A more controllable and effective way of preparing polymers for coating is with a low pressure glow discharge treatment. Glow discharges are, by nature, very diffuse and homogeneous, producing a more uniform treatment. Moreover, by controlling the gas it is possible to improve the adhesion of photographic layers to materials such as polyesters as well as polyethylene. See for example, U.S. Pat. Nos. 4,993,267; 3,837,886 and 4,451,497. A major disadvantage in glow discharge treatments done at reduced pressures is the problem of maintaining a low pressure at the treatment station. It is necessary to use either a batch process, in which the support is loaded into a treatment chamber and the air is removed, or an in-line process which requires that the support pass through a differential pressure region. In the first case, the support must go through an additional off-line step before coatings are applied. This is unattractive from a product flow perspective and requires additional capital. The second choice is difficult and expensive to implement because of the very tight tolerances needed to maintain the pressure differentials in the transport path. This requires expensive and complicated hardware and pumps. The closer to atmospheric pressure that the treatments can be done, the simpler and less costly the process becomes.
It is known that under certain conditions, stable diffuse glow discharges can be produced at atmospheric pressures. Articles that discuss stable glow discharges are as follows: S. Kanazwa, M. Kogoma, T. Moriwaki and S. Okazaki, J. Phys.

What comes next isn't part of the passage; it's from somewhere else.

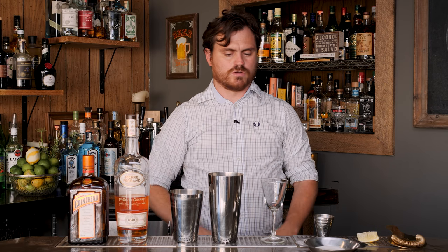Hi guys, welcome back to the Educated Barfly. Today has kind of been a long time coming. Today I'm going to make for you a sidecar, which is a drink that everybody should know.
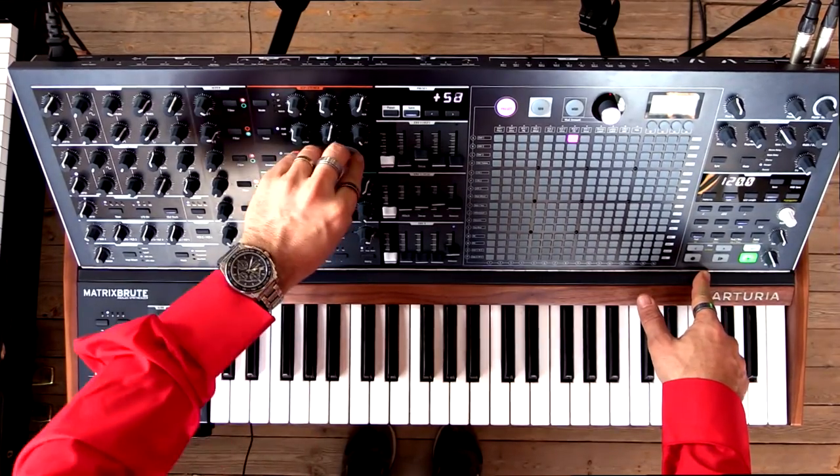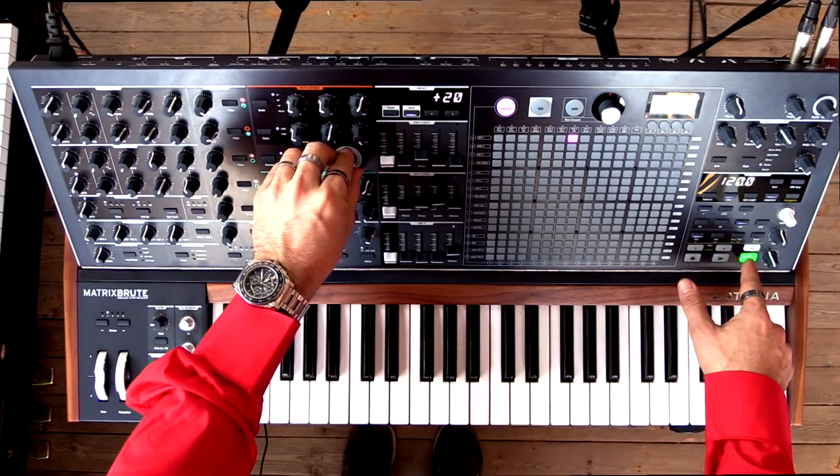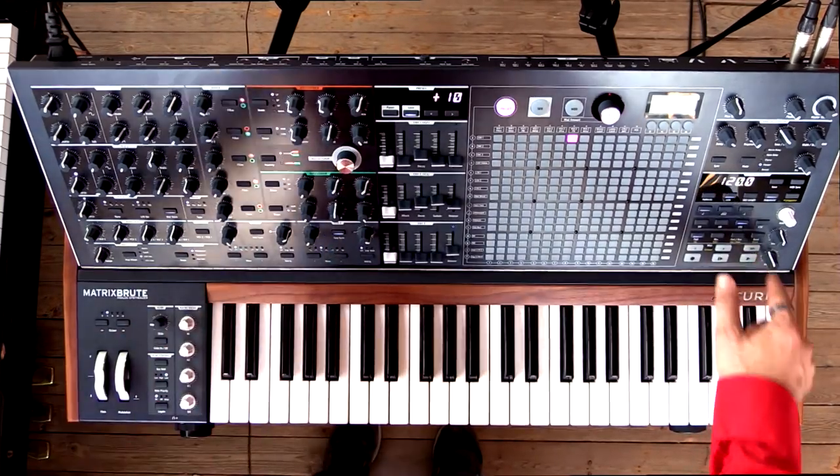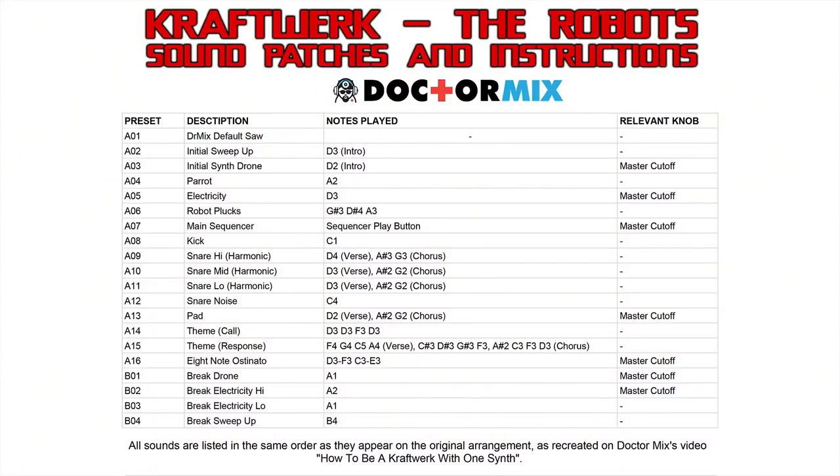So all you need to do in order to receive this exclusive content — the patches, an exclusive video where I show everything, and this PDF where I list all the sounds, where they come in, what notes to play — all you need to do to get all of this is subscribe to my mailing list, which is here below.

D: Appl. Phys 21 (1988), pp. 838-840; S. Kanazwa, M. Kogoma, S. Okazaki and T. Moriwaki, Nuclear Instruments and Methods in Physics Research, B37/38 (1989) pp. 842-845; T. Yokoyama, M. Kogoma, S. Kanazawa, T. Moriwaki and S. Okazaki, J. Phys. D: Appl. Phys. 23 (1990) pp. 374-377; T. Yokoyama, M. Kogoma, T. Moriwaki and So. Okazaki, J. Phys. D: Appl. Phys. 23 (1990) pp. 1125-1128 and A. Nagata, S. Takehiro, H. Sumi, M. Kogoma, S. Okazaki, and Y. Horikie, Proc. Jpn. Symp. Plasma Chem 2 (1989) pp. 109-112. Work in this area has been limited and directed primarily at etching of photoresist and deposition of materials. These articles indicate that a reliable method of producing diffuse glow discharges at atmospheric pressure is to use helium as the discharge gas. The work reported in the literature has been reproduced and found to be reliable. It has also been found that very small amounts of reactive gases, such as a few percent nitrogen or oxygen, will extinguish an atmospheric helium discharge. However, we have also found that by using trace amounts of reactive gases, stable discharges can be produced at very close to atmospheric pressure which are also able to dramatically improve the adhesion of photographic emulsions to difficult to coat materials such as polyethylene, PET and PEN.
The present invention allows one to treat polymeric surfaces with a stable atmospheric glow discharge so that adhesion of photographic emulsions is improved between the photographic emulsions and the polymeric materials.